Enrichr makes it simple to share the analysis results with others. Users can click on the share icon to the right of the description box, resulting in a popup that provides the user with a link to the analysis results that they can copy and paste into an e-mail to send to a collaborator. Users can also create a user account where they can store and organize all their uploaded lists in one place. The user account will enable users to contribute their lists to the community generetaed gene-set library. This will allow other users to query their input lists against user contributed lists.
Enrichr also provides a mechanism to search for functions for specific genes with an auto-complete functionality. The results from the gene function search show all the terms for the gene from all gene-set libraries (Additional file 6: Figure S6). Enrichr is also mobile-friendly such that it supports touch gestures; for example, a simple swipe left and right on the main page switches between the tabs. On the results page, at the top level with no specific enrichment type selected, swipes left and right will navigate between the different enrichment categories. Once the user selects an enrichment type, swipes left and right will navigate between the different visualization types for the current enrichment type.
Statistics of the gene set libraries
Enrichr includes 35 gene-set libraries totaling 31,026 gene-sets that completely cover the human and mouse genome and proteome (Table 1). On average, each gene-set has ~350 genes and there are over six million connections between terms and genes. Further statistics and information of where the gene-set libraries were derived from can be found in the “Dataset Statistics” tab of the Enrichr main page. Histograms of gene frequencies for most gene-set libraries follow a power law, suggesting that some genes are much more common in gene-set libraries than others (Figure 2a). This has an implication for enrichment computations that we did not consider yet in Enrichr. Some genes are more likely to appear in various enrichment analyses more than others, this tendency can stem from various sources including well-studied genes. This research focus bias is in several of the libraries.
Evaluation of the enrichment scoring methods
Enrichr computes three types of enrichment scores to assess the significance of overlap between the input list and the gene sets in each gene-set library for ranking a term’s relevance to the input list. These tests are: 1) the Fisher exact test, a test that is implemented in most gene list enrichment analyses programs; 2) a test statistics that we developed which is the z-score of the deviation from the expected rank by the Fisher exact test; and 3) a combined score that multiplies the log of the p-value computed with the Fisher exact test by the z-score computed by our correction to the test. The reason that we devise a correction for the Fisher exact test was because we noticed that some terms always appear on top of the ranked list regardless of the content of the input gene list. This is because the Fisher exact test has a slight bias that affects the ranking of terms solely based on the length of the gene sets in each gene-set library. This can be seen when inputting random gene lists many times and observing the average rank of each term (Figure 2b and 2c). GO terms with few genes are ranked higher if they have short lists and at least one gene from the input list overlaps with the genes associated with the term (Figure 2c). For terms that have enough genes, the rank stabilizes into what is expected for an average rank (slightly above 150 in the plot). For the ChEA enrichment analysis with the Fisher exact test, transcription factors with many targets appear higher more often for random input gene lists (Figure 2b). This is because the ChEA database contain gene IDs that did not match all the genes from our random input lists. Hence, if the gene set library contains “noise,” i.e. gene names that are not standardize, which is very common because gene symbols constantly change and there are many different resources that convert gene/protein IDs to gene symbols, the effect of the Fisher exact test is to give higher rank for terms with longer lists. Since each of the three scoring methods described above produce different ranking for terms, we next evaluated the quality of each of the scoring scheme in an unbiased manner.
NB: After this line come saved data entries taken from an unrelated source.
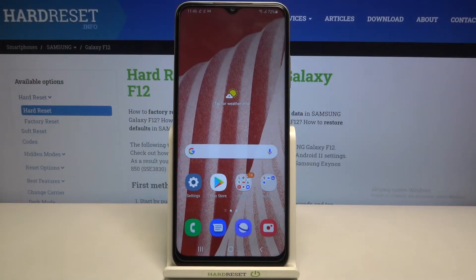Hi everyone, here we've got Samsung Galaxy F12 and let me share with you how to view total screen time on this device.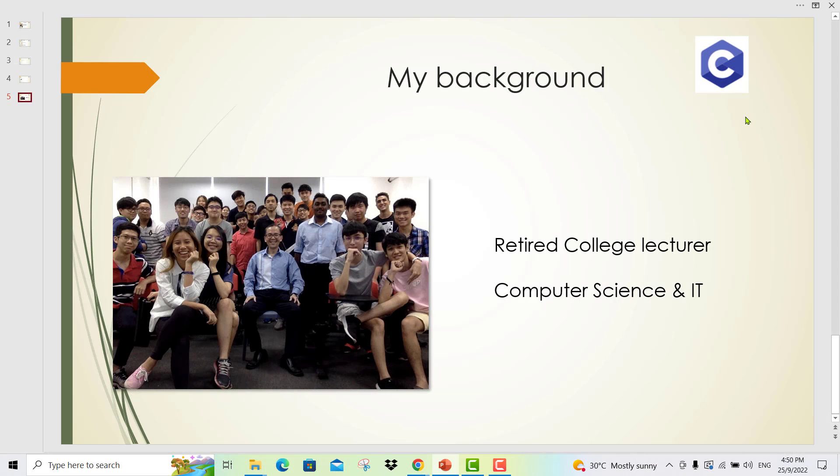My background. By profession, I am a retired college lecturer and I have been teaching computer science and IT for more than 20 years. I welcome you to this course and I will see you inside.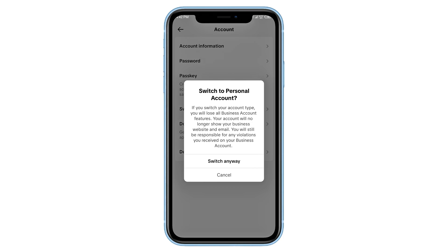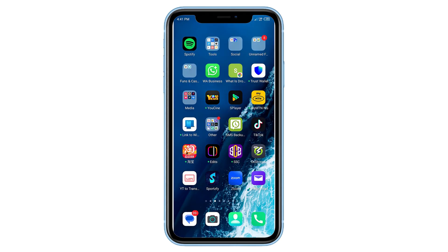That's it — simple and quick. After switching, try sending a message again and it should go through successfully.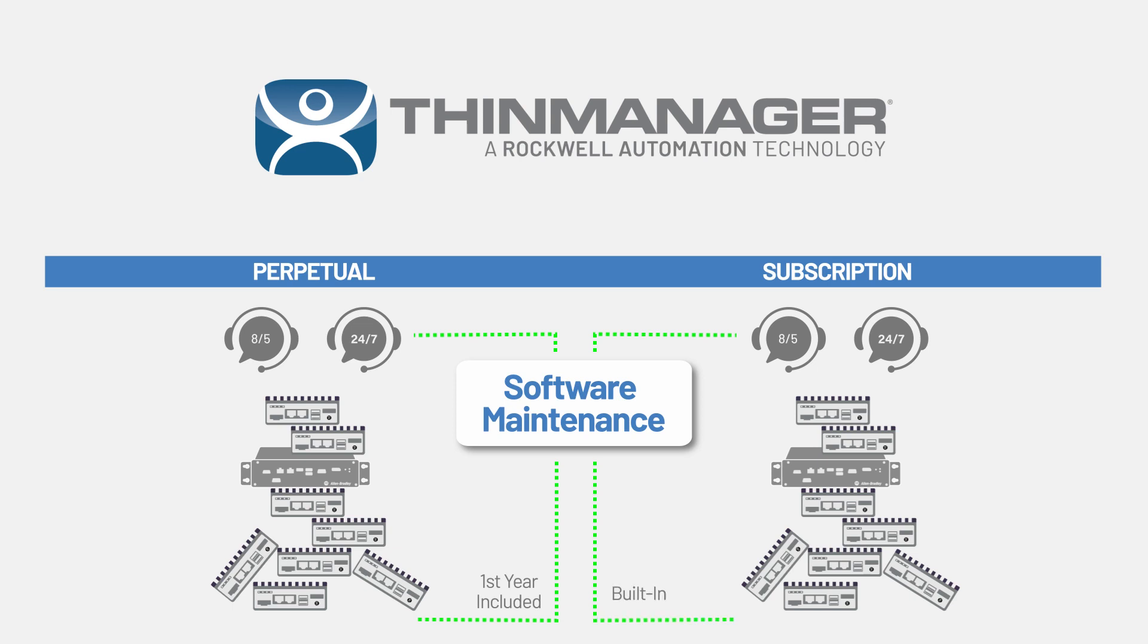Software maintenance is essential to maintaining an up-to-date ThinManager environment as it includes version upgrades, support, and new features as they come available.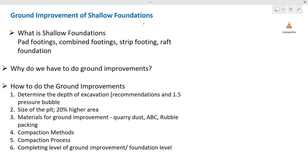Hello everyone, I am Prasad from Structural Guide. Today we are going to discuss about ground improvements for shallow foundations.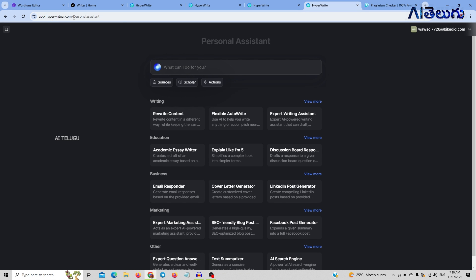This tool is available for content writers and also available for students. If you want to create an account, you will create a free account.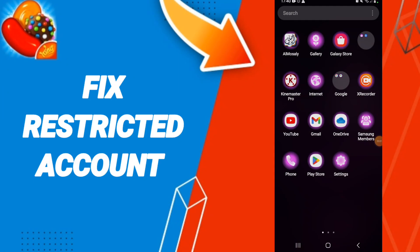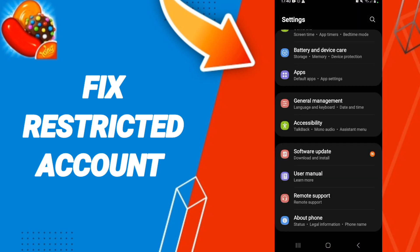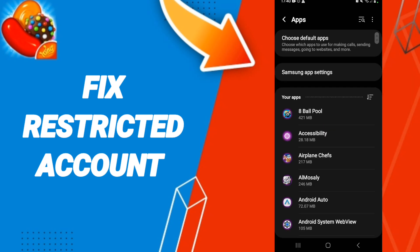Hello everyone, today we will talk about how to fix a restricted account on the application of Candy Crush. We click on Settings, then we click on Apps, and after that we search for the name of Candy Crush.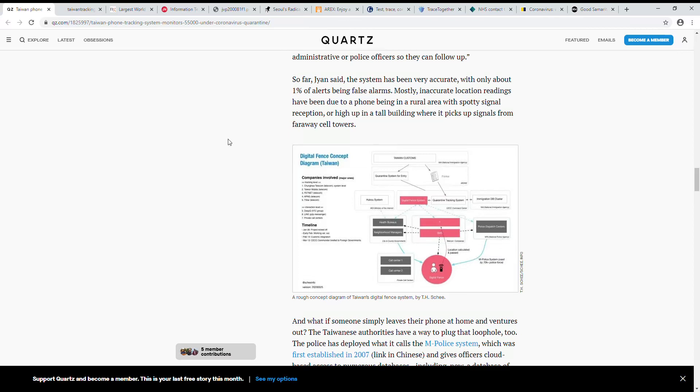We're going to start our series about contact tracing, talking first about how others do it, the general idea of the concept. Let's go over Taiwan first, so this is actually talking about Taiwan and what they do with quarantine individuals.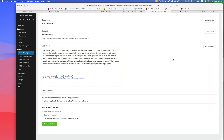I've only covered the donor management system today, but you can also create a volunteer management system, which I'll cover in the next video. Thank you for watching — if you have any questions, just let me know.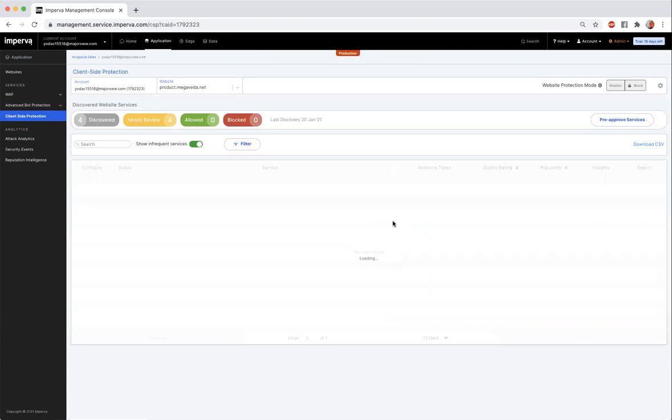One great thing about this product is that the discovery process won't affect your end user's experience. After discovery starts, the list will begin populating in about 10 minutes. CSP receives data about your application as users interact with it. If your site doesn't have a large amount of traffic going to it, it may take up to a full week before the list gets fully populated.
To compare the quality of the rankings of each of these three enrichment analysis methods, we gathered differential gene expression data after knockdown of various transcription factors from 10 experiments extracted from 7 studies (Table 2). Once we have identified lists of statistically significant differentially expressed genes, which are either increased or decreased in expression after the transcription factor knockdown, we examined how the different scoring methods rank putative targets of those factors with the expectation that the knocked-down factors would be highly ranked when applying enrichment analysis with the ChEA gene-set library . This analysis resulted in 104 comparisons of transcription factors ranks because some transcription factors have multiple entries in ChEA. The results show that the second method, the test statistics that corrects the bias from the Fisher exact test, which is the z-score of the deviation from the expected rank, outperforms the Fisher exact test and is comparable with the combined scoring scheme (Figure 2d and 2e). This means that in most cases the method ranks transcription factors higher, based on ChIP-seq data given lists of differentially expressed genes after knockdown of the same transcription factor. The combined scoring scheme is mostly affected by the expected rank test compared with the Fisher exact test, but its overall performance is slightly worse compared to using the expected rank alone. It should be noted that while this analysis shows some advantage to the rank test over the Fisher exact test, more evidence and tests are needed using different gene-set libraries and experimental data to conclusively determine that this rank test is better than the Fisher exact test. However, it is difficult to design such analyses in an unbiased manner and the combination of the ChEA gene-set library coupled with the loss-of-function followed by expression data is the only setting we could devise for such validation so far.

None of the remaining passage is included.